Intermediate assessment data is the outcome of data processing and analysis performed as part of the assessment as an intermediate step in the generation of final assessment data. Data is only defined as intermediate if it has gone through non-trivial processing to be considered an original product, distinct from the input data.
Final assessment data refer to data which is directly presented in data tables or graphically displayed (e.g. as a line graph or a spatial map) in the report.
Source code refers to scripts, online code repositories, and software libraries written to create intermediate and final assessed data, as well as the figures included in the reports.
Licenses For Different Data Types
Input data shall be licensed under the same license terms and conditions imposed by the data providers. Input data copyright holders are encouraged to adopt well-known licenses enabling broad usage, including commercial use, and avoid “ShareAlike” licenses.
Intermediate and final assessment data should be licensed under the Creative Commons Attribution 4.0 International (CC BY 4.0) license, where this does not infringe the interests of relevant license holders. The Creative Commons family of licenses are designed to provide legal interoperability across virtually all jurisdictions.
When input datasets are published under restrictive licenses, waivers or exemptions can be sought for the IPCC assessment reports. These waivers should be negotiated with copyright holders by Working Group co-chairs, with guidance from TG-Data representatives.
These waivers would ensure that derivative products can be licensed by the IPCC under CC BY 4.0, and that the version used by the assessment report is curated in a long-term archive, either by IPCC DDC or another trusted data repository.
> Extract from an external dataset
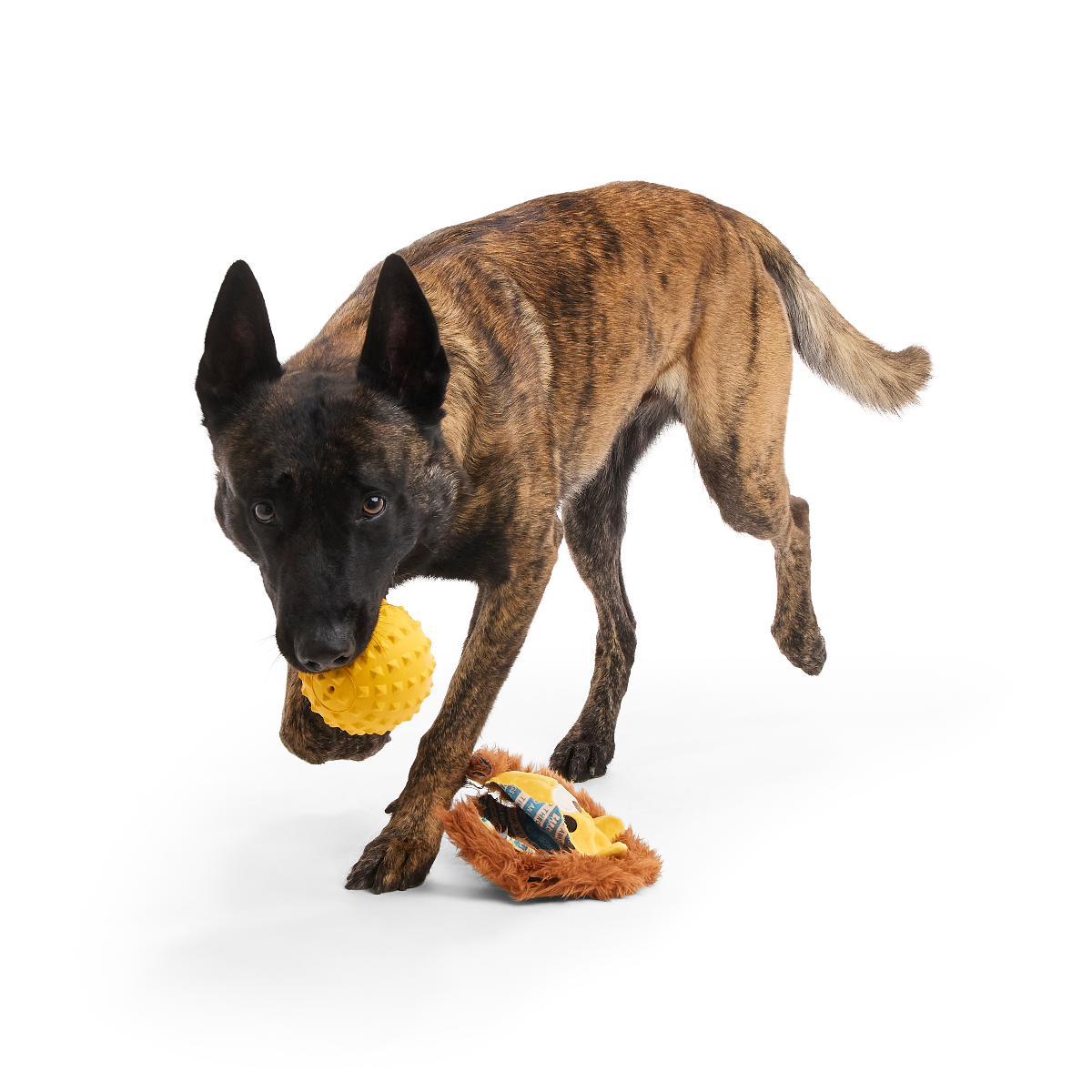 Lionel Lion Super Chewer Durable 2-in-1 + Fetch Dog Toy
If exemptions cannot be obtained from the copyright owners, the applicable licenses of input data will apply.
To ensure maximal reusability of source code, similarly to data, code should be published under permissive (non- copyleft) open source licenses that do not restrict commercial use.
Challenge 1: Can you classify the following data types?
- A map used in the report
- Output from a CMIP6 model
- Model agreement on changes in temperature in a warming scenario
- A map used in the report: Final
- Output from a CMIP6 model: Input
- Model agreement on changes in temperature in a warming scenario: Intermediate
Key Points
- Data can be classified into input, intermediate assessment, or final assessment data.
- Input data shall be licensed under the same license terms and conditions imposed by the data providers.
- Data produced as part of the IPCC assessment, be it intermediate or final assessment data, shall be published, wherever possible, under the CC BY 4.0 license.